U.S. stocks finished Friday’s trading higher, extending their run of weekly gains even as a University of Michigan survey found consumers feeling worse about the economy. The divergence widened as investors weighed steady corporate earnings momentum against mounting concerns about inflation, driven in part by expensive oil associated with the war with Iran.
The market’s steady climb left the S&P 500 up 0.4% and near its all-time high set earlier in the week, while the Dow rose 294 points, or 0.6%, and the Nasdaq rose 0.2%. The S&P 500 closed at 7,473.47; the Dow finished at 50,579.70; and the Nasdaq composite ended at 26,343.97.
Corporate results helped power the gains. Ross Stores jumped 8.1% after the off-price retailer reported profit and revenue for its latest quarter that easily cleared analysts’ expectations.

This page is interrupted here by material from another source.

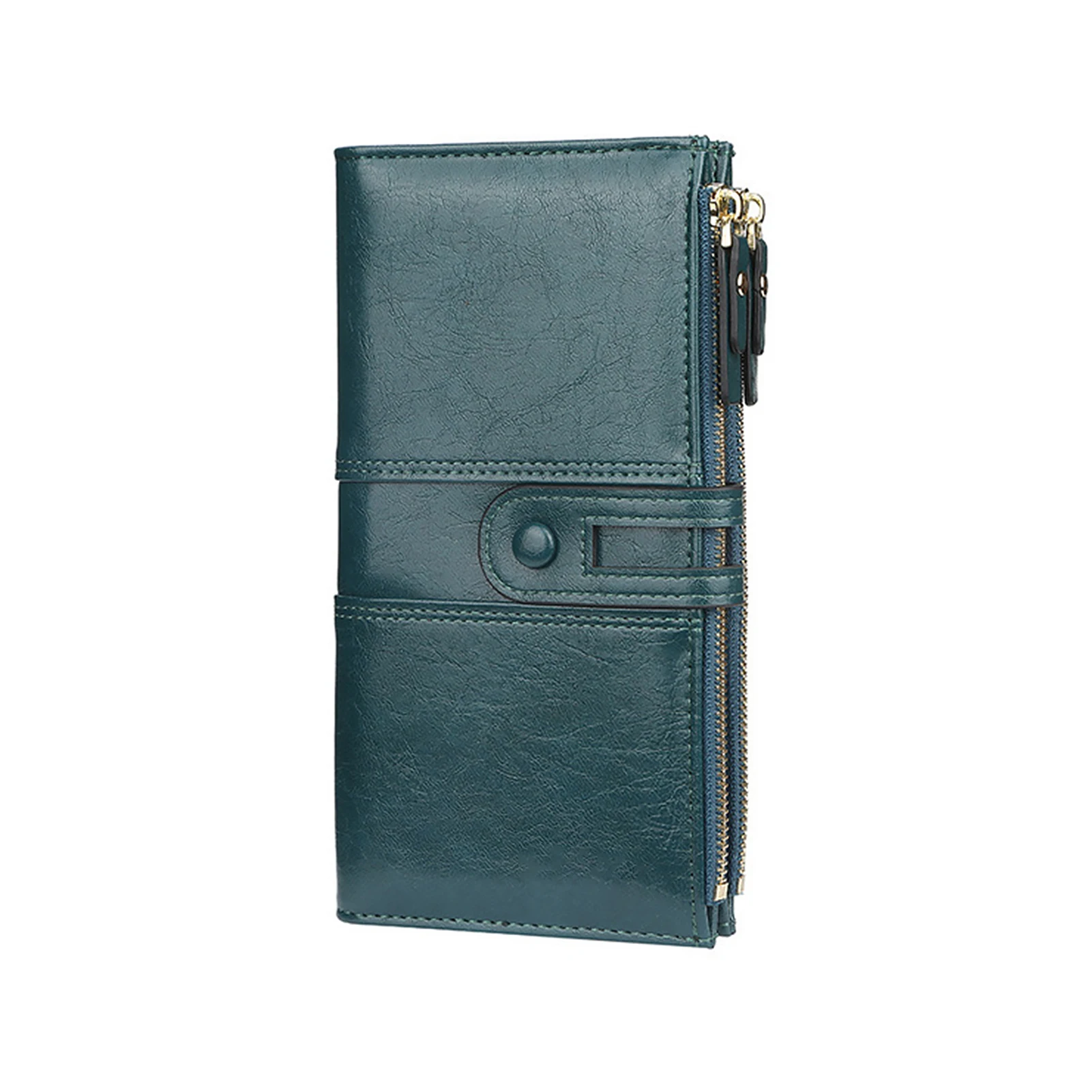 

Solid Cellphone Elegant Card Holder Bi Fold Zipper Women Wallet Handbag Fashion Long Purse Money Classic PU Leather Gift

CEO Jim Conroy said the company saw strong customer traffic through the three months and that its results could have benefited from households spending their tax refunds.
Other companies also posted results that beat expectations. Estee Lauder surged 11.9% after saying it was no longer considering a possible merger with Puig, the Spanish fragrance and beauty products company. Workday rose 5.2%, and Zoom Communications jumped 9.2% after both delivered better profit reports for the latest quarter than analysts expected.
The stock rally has coincided with a marked deterioration in how households view the economy. The University of Michigan survey showed consumer sentiment fell to a record low, dipping below a low point reached in 2022 when inflation peaked above 9%. It also showed households forecast inflation would worsen to 4.8% in the coming 12 months, up from 4.7% the prior month, while their longer-run inflation forecasts rose to 3.9% from 3.5%.
Energy price uncertainty remained a key thread in the economic backdrop. The price for a barrel of Brent crude oil for August delivery added 0.7% to settle at $100.21 after earlier losses, as traders tracked uncertainty around when the United States and Iran might reach a deal to reopen the Strait of Hormuz. With the closure preventing oil tankers from exiting the Persian Gulf, crude delivery routes have remained constrained.
Rising inflation worries also pushed bond yields higher worldwide, complicating expectations for interest-rate cuts. The 10-year Treasury yield edged down to 4.56% from 4.57% late Thursday, but remained above a pre-war reference level of 3.97%. The pressure on yields has left expectations for rate cuts later in the year largely pared back on Wall Street, and higher borrowing costs have also contributed to an elevated long-term U.S. mortgage rate.
In remarks Friday, Federal Reserve Gov. Christopher Waller said that if he believed inflation expectations were becoming “unanchored,” he would not hesitate to support an increase in the target range for the federal funds rate. But he also said it was “time to simply sit and watch how the conflict and the data evolve,” adding that he did not believe expectations were currently unanchored.
Stock markets abroad rose as well, with Japan’s Nikkei 225 climbing 2.7% to another record after a report showed inflation hitting a four-year low in April at 1.4%. Indexes in Europe and Asia also advanced as trading followed the same mix of earnings strength and rate and oil-market jitters.